Jacques warns David, “… ‘you can make you time together [with Giovanni] anything but dirty, you can give each other something which will make both of you better—forever—if you will not be ashamed, if you will only not play it safe’… ‘You play it safe long enough…and you’ll be trapped in your own dirty body, forever and forever and forever—like me.’” (Baldwin 267).
Ultimately what Jacques fears is that David will delay his own reckoning with his sexuality until much later in his adult life, when he has much less time and spirit to make the most of his experiences as an openly queer man in the world. He fears that David will surrender to his shame, going on to consider his own natural desires and urges as “shameful” for years and years in order to preserve a pride that can really only be observed from the outside.
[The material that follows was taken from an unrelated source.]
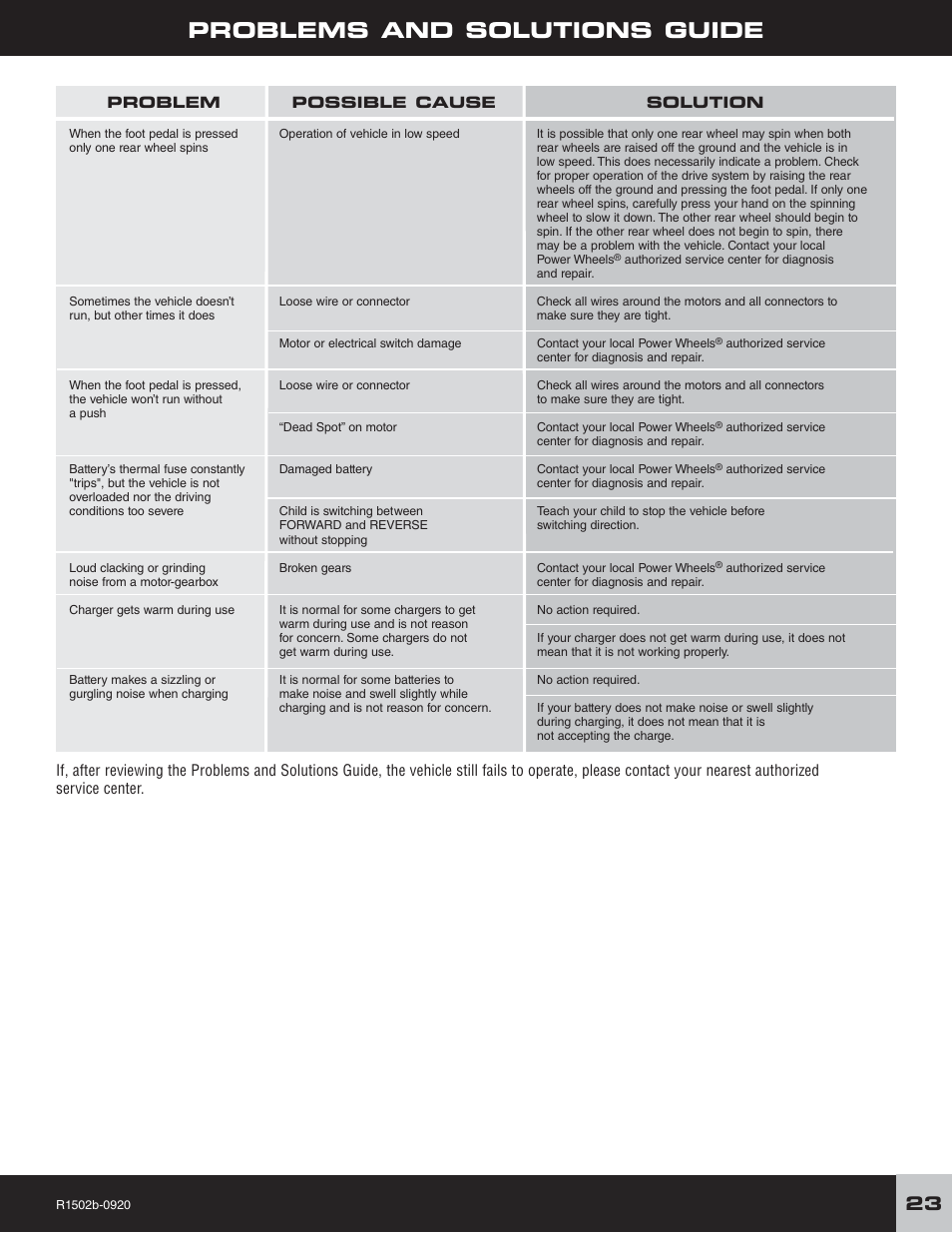 Problems and solutions guide | Fisher-Price TRAIL RAIDER R1502 User Manual | Page 23 / 24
But what I find most compelling is the way that Jacques empowers David with the agency to decide for himself what is dirty and what is clean. David sees his own queerness (and the queerness of others) as something dirty because of the shame that he attaches to it. Tt is unclean, perhaps, because it is hidden; it is that “love that cannot be named” that Baldwin writes of in his Go Tell it On the Mountain. What he sees as clean is a long relationship with a woman, likely Hella. He sees it as clean because it is not hidden; it is named and publicly admired. Jacques pushes David to recognize that he has the power to redirect and reject his shame. David has the power to name his love. He has the power to decide what is dirty, and thus worthy of shame, and what is clean.
I wonder if Baldwin, in Paris, believed these words himself. Did he see dirtiness and cleanliness as relative classifications as it came to sexuality, or did he believe something more objective depending on the queer identity?